We’ve been slogging through the winter months lately. I never thought I had a preference for any particular season until I was left inside with a young child for months on end. Winter definitely has a different feel with a 5 year old!  But our school time keeps us busy and DJ is making steady progress. 



We did the next chapter in Building Foundations of Scientific Understanding during January. This one was titled “Concepts of Energy: Making Things Go” and it was SO MUCH FUN!  We started with cards I prepared, one for each type of energy: light, electricity, heat and movement and then twelve pictures to match to each type. In the picture above you can see DJ comparing his solar calculator to the one in the picture. He was quite amazed that it is powered by the sun’s light. I also had pictures of three types of cars – a gasoline car that runs on heat energy, a remote control toy car that runs on electrical energy from a battery and a solar car that runs on light energy through solar panels. It was DJ who informed me that I could have had a car in the movement energy column because most of his toy cars only go when pushed. 


This was the first chapter that had truly new concepts for DJ so I checked out several of the books recommended in the chapter from the library and I’m so glad I did. It really added a lot to his learning. Our favorite book was Charged Up: The Story of Electricity by Jaqui Bailey.  The book describes the whole electrical generation process from a hydroelectric plant using turbines and generators, getting a boost at the transformer to flow through power lines to the city, going through another transformer and then into factories, stores, farms and houses. 

The other jewel in the collection was actually a DVD of the book Living Sunlinght: How Plants Bring the Earth to Life by Molly Bang and Penny Chisholm. I was at first disappointed it wasn’t a book but I was pleasantly surprised to see the story was read by the authors and then they both talked about how and why they made the book. One author is a writer, poet and artist and the other is a scientist. Together they are able to bring scientific fact in an imaginative way for the youngest readers. This book has no fear of big words and chemical molecules. Not long after hearing the story, my 5yo asked me if trees have chlorophyll when they have no leaves. He was concerned the trees wouldn’t be able to make sugar to grow and we would run out of oxygen. He was relieved to know they would begin making sugar again when the leaves grow back in the spring. 🍃 

To finish the chapter, DJ described each of the energy types and I wrote his words.

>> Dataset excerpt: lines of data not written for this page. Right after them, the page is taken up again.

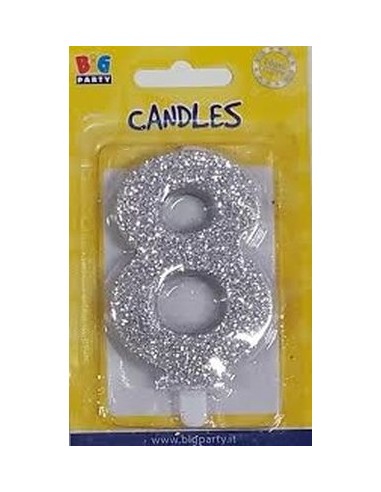 Candelina di cera  8 cm numero 8 di colore argento  con brillantini incorporati   pz 1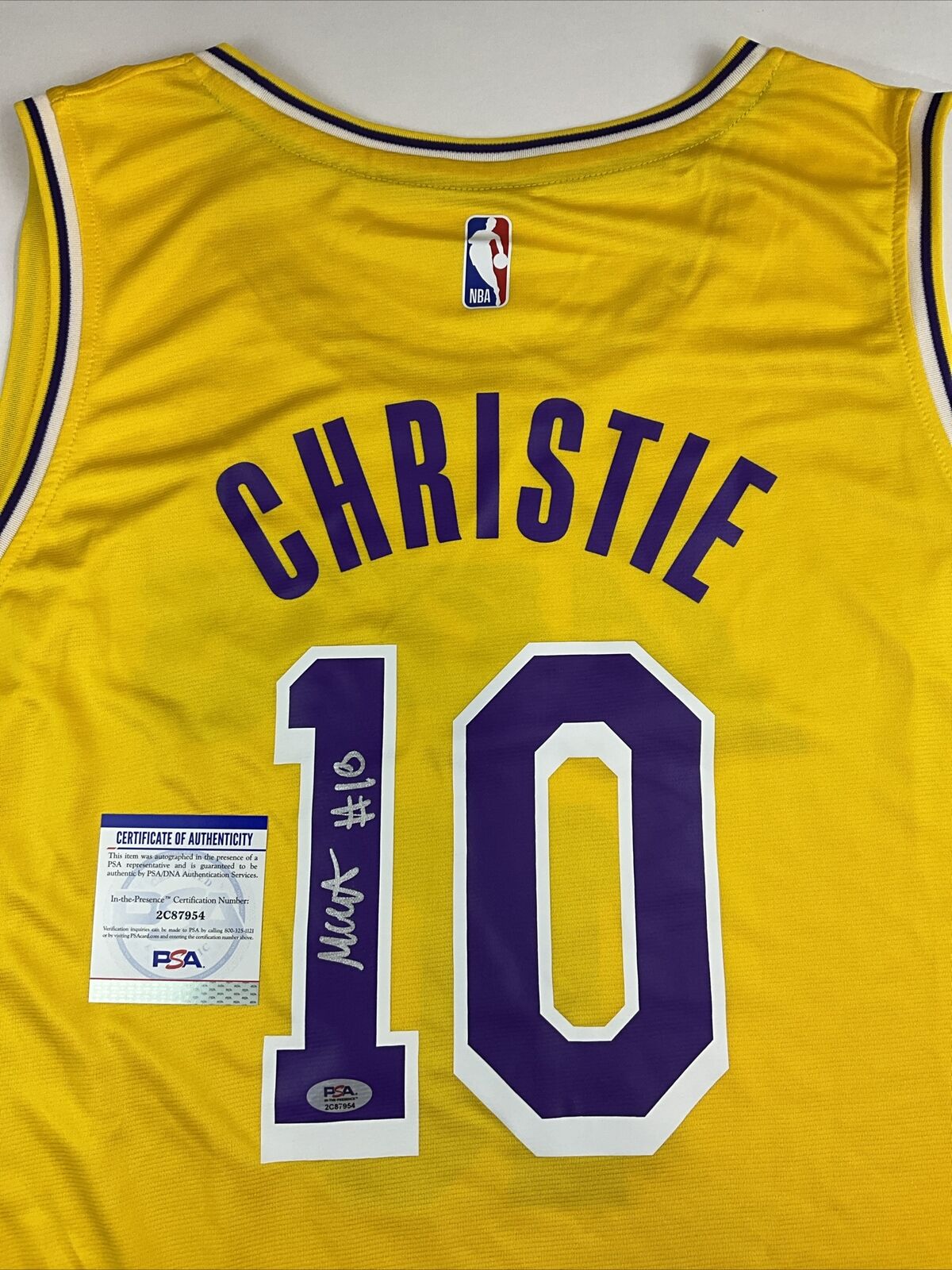 MAX CHRISTIE SIGNED LOS ANGELES LAKERS FANATICS NBA JERSEY PSA ITP 2C87954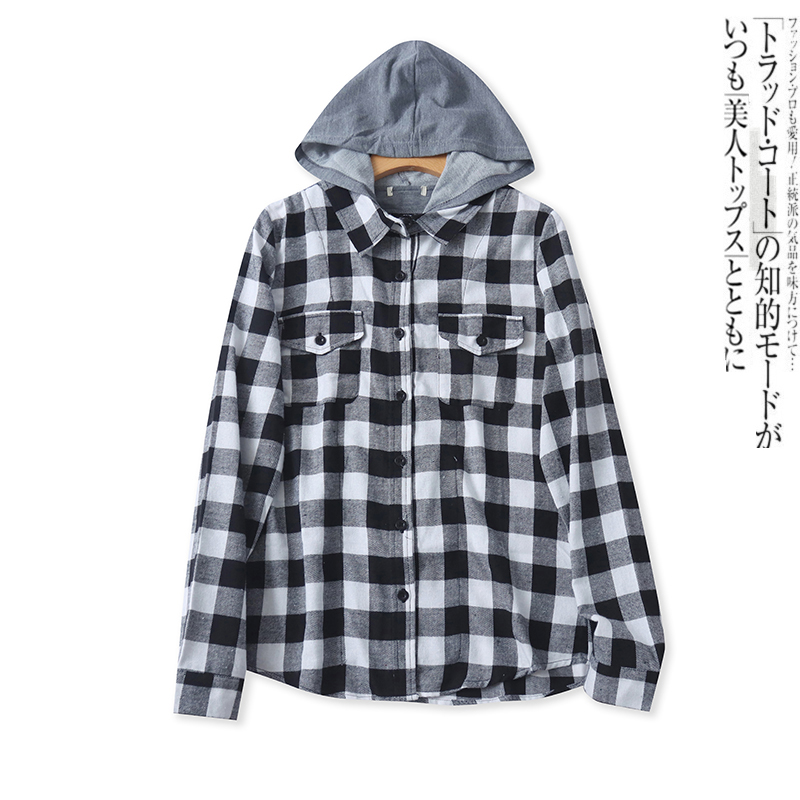 假两件格子衬衫春季新款外贸女装学院风双门襟长袖连帽上衣17678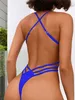 Sexy vrouwen één-piepen Backless Thong Swimwear 2023 Monokini Solid Hollow Color High Cut Bathing Suit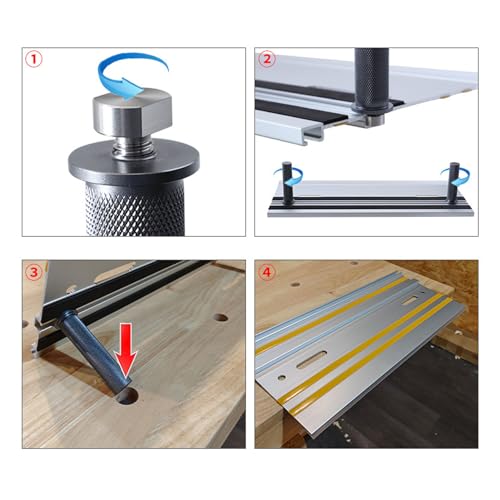 Fafeicy 2 Stück 20 Mm Bankhunde-Führungsschiene, Gleitschlitz-Klemme aus Aluminiumlegierung, Stopper, Holzbearbeitung, Tischlochklemmen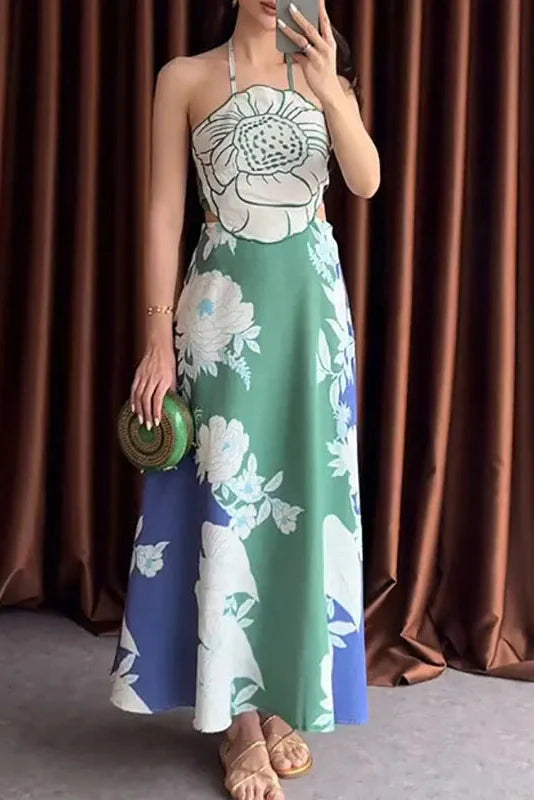 Hollow Out Lace Up Backless Sleeveless Printed Maxi Dress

He then drew pictures for each type. For heat energy my boy drew a forest on fire and when I asked him how that shows energy making something move or change he said, “the heat is making the trees die!” 

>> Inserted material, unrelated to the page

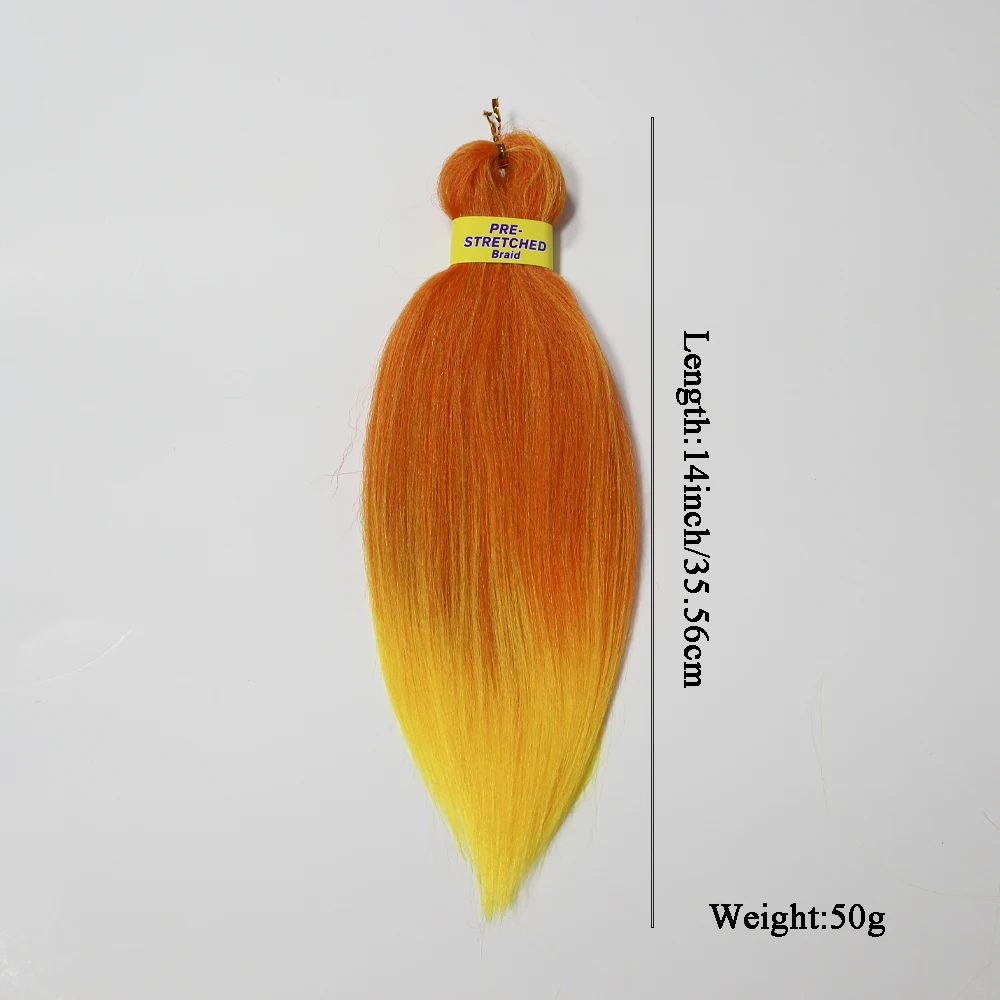 14 بوصة قبل امتدت أومبير جدائل شعر صناعية 50 جرام المهنية لينة الكروشيه جديلة ملحقات سهلة إعداد الماء الساخن #2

On the math front, DJ has finished the Addition Strip Board and moved on to the Addition Dinger Charts. At the end of the strip board, he wasn’t even using the strips, he would just look at the row of numbers at the top and figure out the answer to whichever equation he was working on. 

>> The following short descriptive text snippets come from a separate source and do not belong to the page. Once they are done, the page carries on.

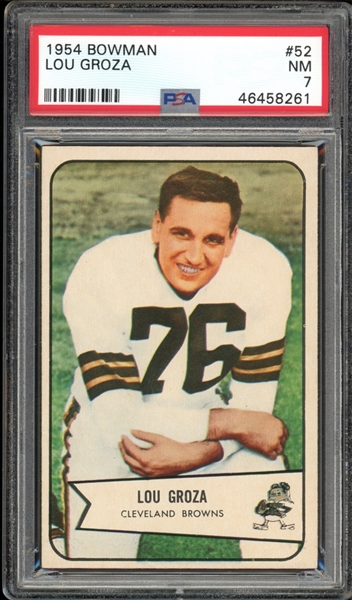 1954 Bowman #52 Lou Groza PSA 7 NM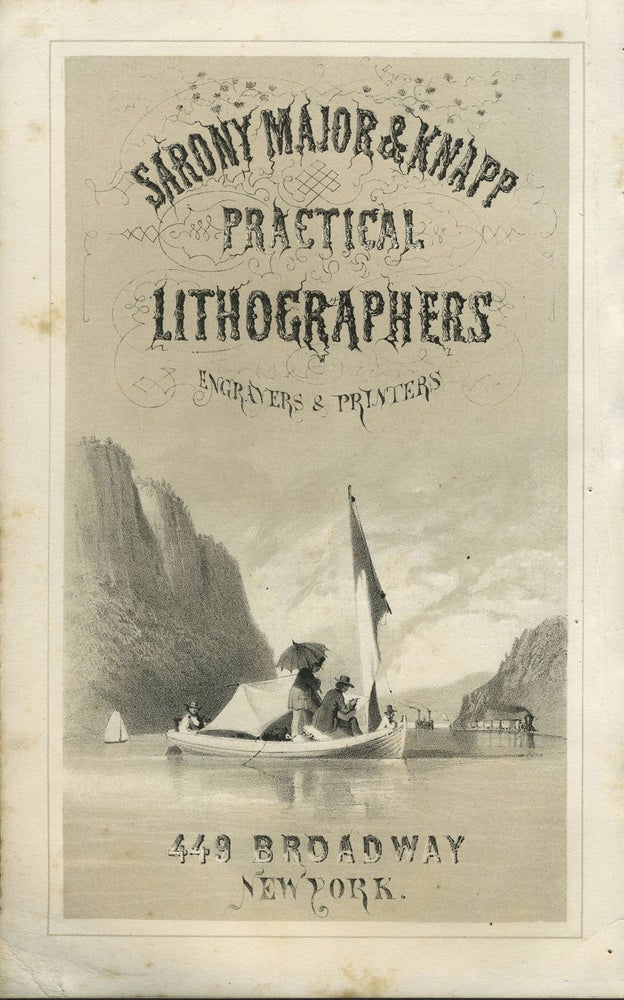 Item #24464 Sarony Major & Knapp Practical Lithographers, Engravers & Printers. Handbill. Hudson River View, New York.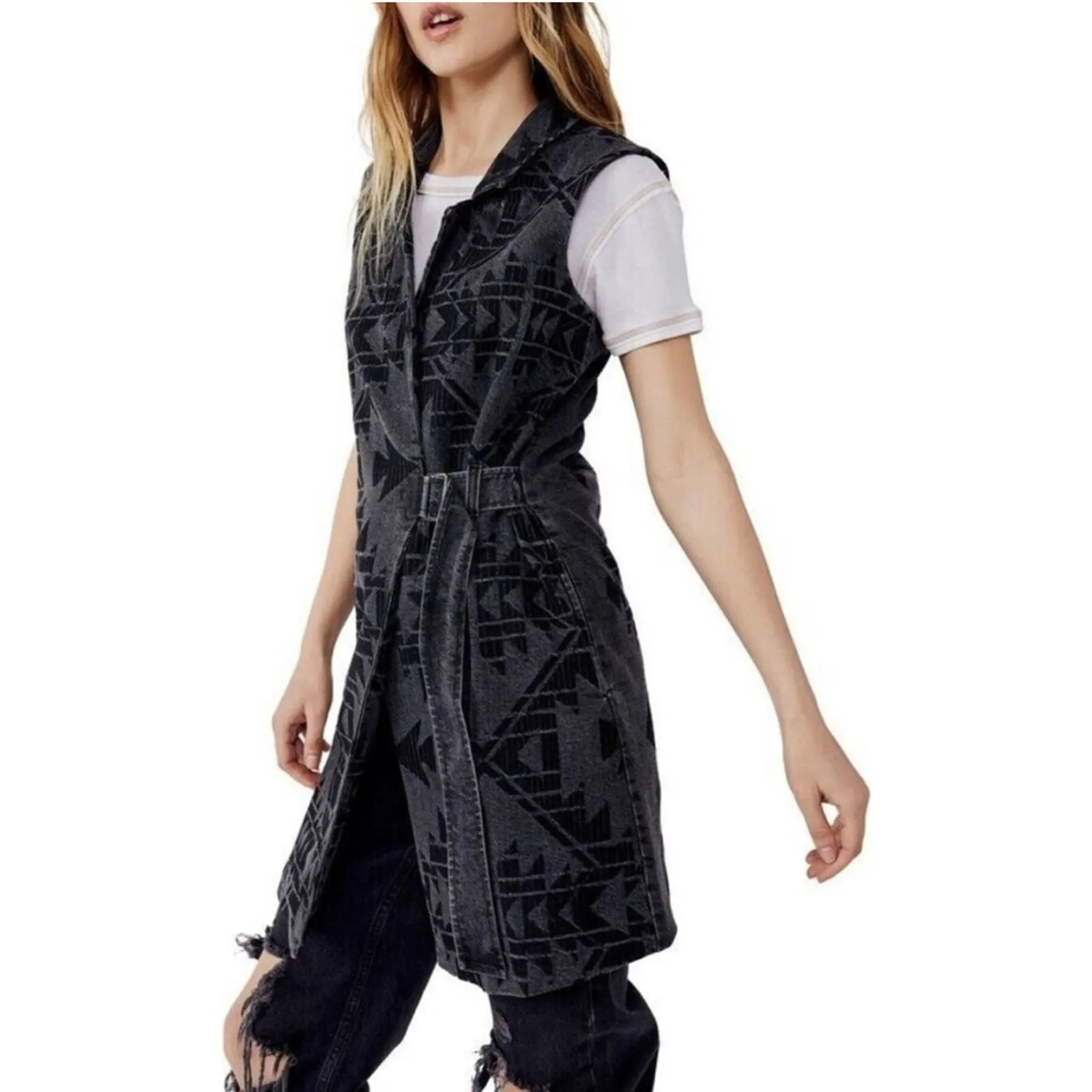 Free People Geometric Print Longline Denim Vest in Black XS - Image 8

DJ thinks the Addition Finger Charts are just amazing. He started with Chart 1 that has one addend in red down the side and a second addend in blue across the top. He chooses a ticket from the box and puts a finger on one red number and a finger on the other number in blue. Then he slides his fingers down the row/column until they meet and that is his answer. 

He hadn’t used the board for long at all when he noticed one of two patterns. The diagonal from the top left to bottom right represents all the doubles – 1+1=2, 2+2=4 … 8+8=16, 9+9=18. Then he also noticed the diagonal from the top right to bottom left shows all the way to make 10 and then 9, 8, 7, etc. Have I mentioned that I love Montessori Math?


Each time works with the addition charts, he completes a page of equations. He doesn’t realize it but this is helping him memorize his math facts and he’s getting a lot more comfortable writing numbers. 


On the reading front, DJ is still resistant. He is so capable but anything that doesn’t come easily he tries to avoid. So I keep bringing it up for him. In this photo I had him write out several of the main words from the amiss Rhonda Reader Dog Day. After writing the words we then sat and read the book. The only thing DJ needs to be able to accomplish something is the belief that he can do it. So slowly, slowly we move forward. 

Here are some “non-school” moments over the past month. And by that I mean these are activities DJ chose outside of our regular school time. 

And in the meantime, I’ve been preparing for DJ to begin elementary school and just look what I got for a steal on Craigslist!  North American Montessori Center Lower Elementary Montessori albums. Yay!